There are only two real issues left in the foreign policy debate between John McCain and Barack Obama. One is how soon to withdraw from Iraq; and the other, what to do about what Obama thinks is the “real” war America should be fighting, in Afghanistan. Yet neither the Iraq nor the Afghanistan issue is within the power of any American president to resolve. He only thinks he can, and his advisers tell him he can and should.
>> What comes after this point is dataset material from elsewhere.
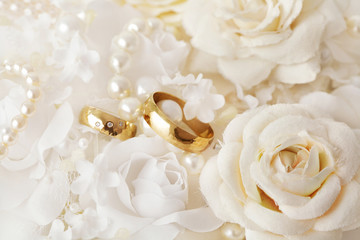 wedding rings, pearls and flowers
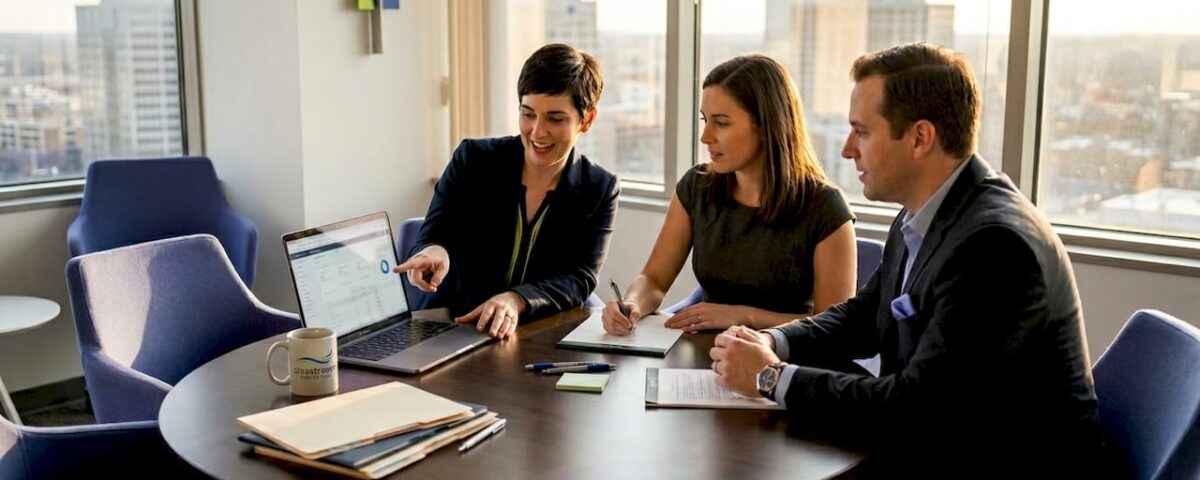 Three professionals in a meeting around a round table in a bright office, discussing a laptop screen with charts as cityscape visible outside the windows, coffee mug nearby.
But the critical variables are outside his control, and certainly outside the control of American and NATO military forces.
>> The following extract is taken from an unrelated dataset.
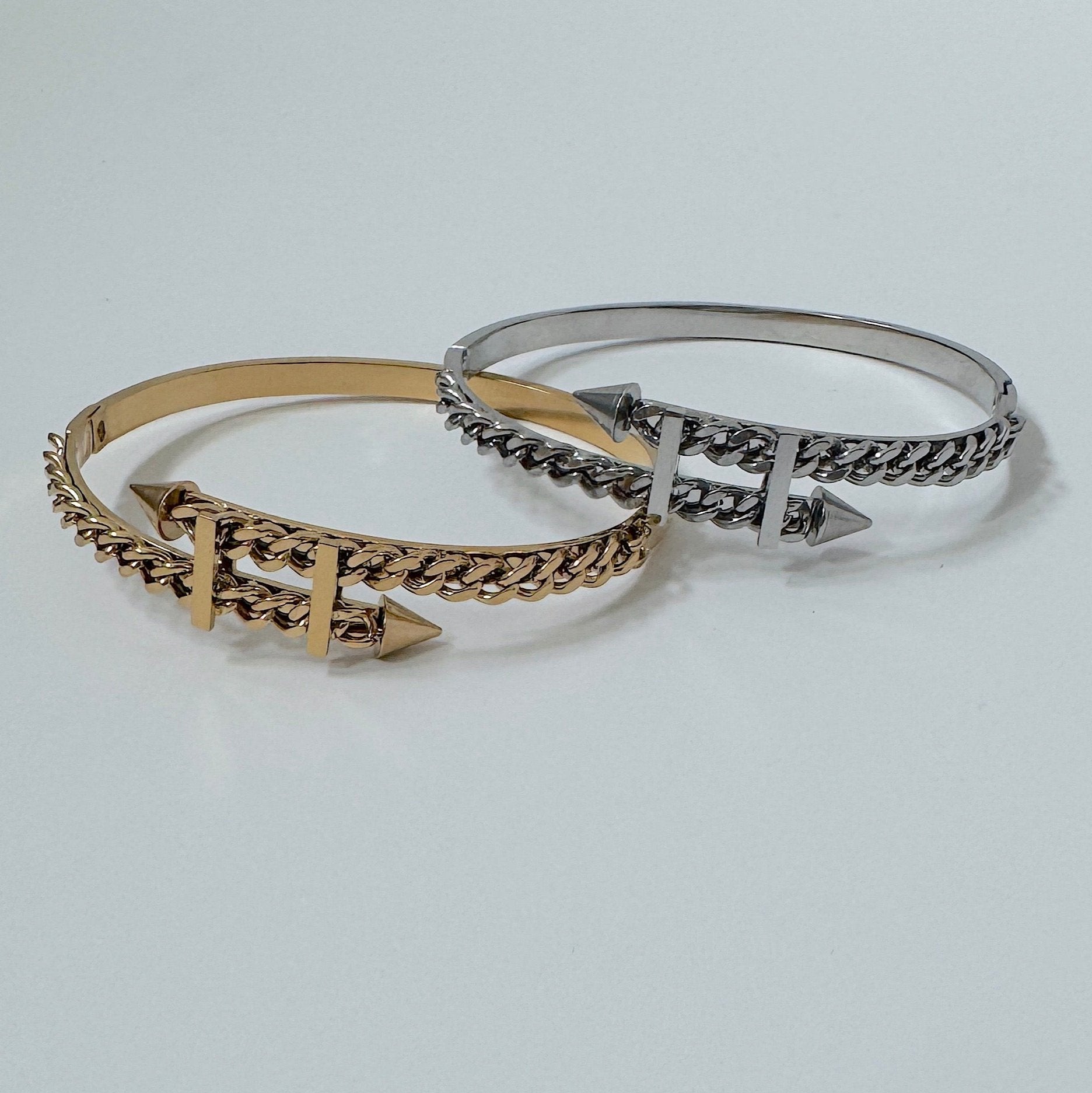 gold and silver twisted spike bangles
What happens in Iraq will be determined by the decisions of Prime Minister Nouri Kamal al-Maliki, and by his government’s relations with the members of the Sunni Awakening Movement, many of them former insurgents, who until now have been paid by the U.S. government to defend their own neighborhoods but are being transferred to government authority — whose Shiite leadership distrusts them. It will be decided by the Shiite religious leadership, and by the government of neighboring Iran.
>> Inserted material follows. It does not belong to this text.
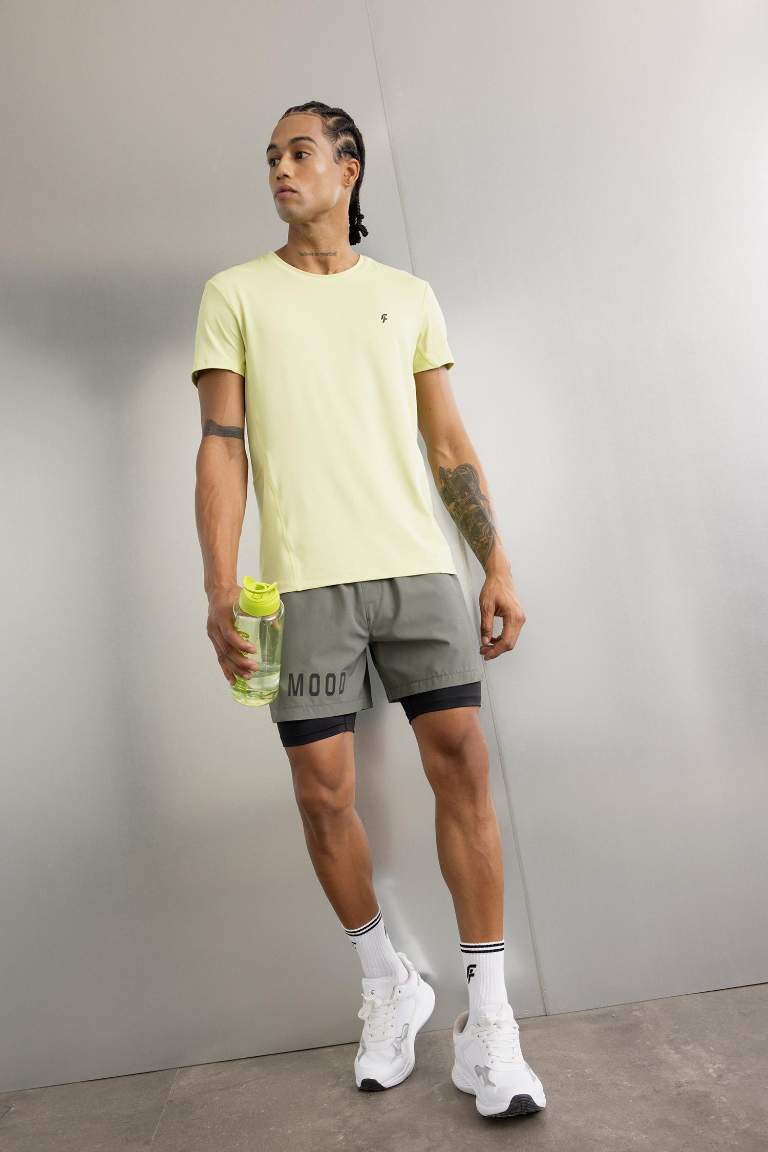 DeFactoFit Slim Fit Dar Kesim Fermuarlı Telefon Cepli Sporcu Taytlı Şort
Washington says the surge has won the Iraq war. For whom?

The new American president must decide whether to demand (or fight for?) permanent American bases in Iraq, as McCain wants, and the Maliki government, and Iran, and presumably the Shiite religious leadership, don’t want. Obama says he will close permanent bases within the 16-month withdrawal period he has announced. But then the Pentagon will ask, what was this war all about? What is the answer, to them, and to the allied dead, and the hundreds of thousands of Iraqi dead and bereaved?

The second basic decision for a new president concerns Afghanistan, the Taliban, al-Qaida and Pakistan. Stated in those terms, it sounds simple. It actually refers to the following separate conflicts:

The first is the U.S.-NATO war against a politico-religious movement composed of native Afghans — members of the main Afghan ethnic group, the Pathans — who want to take back control of their country from the unfortunately corrupt government to which the United States has awarded it.

Two American specialists, Nathaniel Fick and Vikram J. Singh of the Center for a New American Security, claim that the average Afghan pays out one-fifth of his income on the bribes necessary to make a living and get along, and that the Hamid Karzai government is widely perceived as having forfeited its legitimacy. Perhaps life would be worse yet under the Taliban. But surely that is for them to decide.

Next is an American effort to capture Osama bin Laden and al-Qaida leaders, thought to be in Pakistan. But as bin Laden — if he is still alive, as some doubt — and his associates can at any moment pack their suitcases and move to anywhere they like, why is it necessary to fight a war over him at the cost of Afghan, Pakistani, American and allied lives in Afghanistan? This is madness.

The next conflict is between the new Pakistani government and a rising Islamist movement inside Pakistan itself, strong in the frontier Tribal Areas and increasingly influential in cities in the north of the country, sustained by its belief that Pakistan’s government has sold itself to the infidel Americans.

It has been reinforced by the increasing tension between American and Pakistani armies on the frontier, and by civilian casualties resulting from American attacks inside Pakistan. The Islamists are inspired by hatred for a Pakistan government now “fighting America’s war,” and allowing Americans to attack Pakistan.

The Pakistani army, the force until now holding the country together (with its nuclear weapons), has ties with the native Islamists and the Afghan Taliban; it is at the same time a vital instrument of central government authority; and it possesses its own professional and national loyalty to Pakistan’s integrity and autonomy.

It resists U.S. demands that it sweep up the Taliban and al-Qaida and hand them over, whatever the cost to Pakistani interests. (This tally of conflicts has not taken account of the small-scale war already developing between U.S. and Pakistani armies, and the intensifying civil struggle inside Pakistan against the religious traditionalists.)

Last week, a leaked diplomatic dispatch from the British ambassador in Kabul predicted that NATO will lose the war against the Taliban. A London Sunday newspaper reported that the British military commander in Afghanistan holds exactly the same opinion. Many Americans in Afghanistan express the same view.

Why is this so? The logic of this kind of war is that the more foreign troops that are sent to a country like Afghanistan, the more Afghan and Pakistani nationalist outrage and fury is generated, and the more support there is for the Taliban against the foreigners.

The new American commander in Afghanistan, Gen. David McKiernan, has already called for reinforcements for “a long and arduous counterinsurgency campaign that could last many more years” — and which, he says, ultimately can only have a political settlement.

Could someone, somehow, explain to Barack Obama and his people — the only ones in the presidential race who conceivably might listen — that this terrible entanglement of conflicts has nothing seriously to do with the basic national interests of the United States, which has never been harmed by the Taliban, and whose fundamental interests have nothing to do with who rules traditionally unconquerable mountain territories in Central Asia?

To persist in this war is simply, and appallingly, a blind continuation of the policy George W. Bush announced in 2001, as quoted by Bob Woodward in his book “Bush at War”: “to create chaos, to create a vacuum” in Afghanistan and to “export death and violence to the four corners of the earth in defense of our great nation.”

Must we continue under our next president?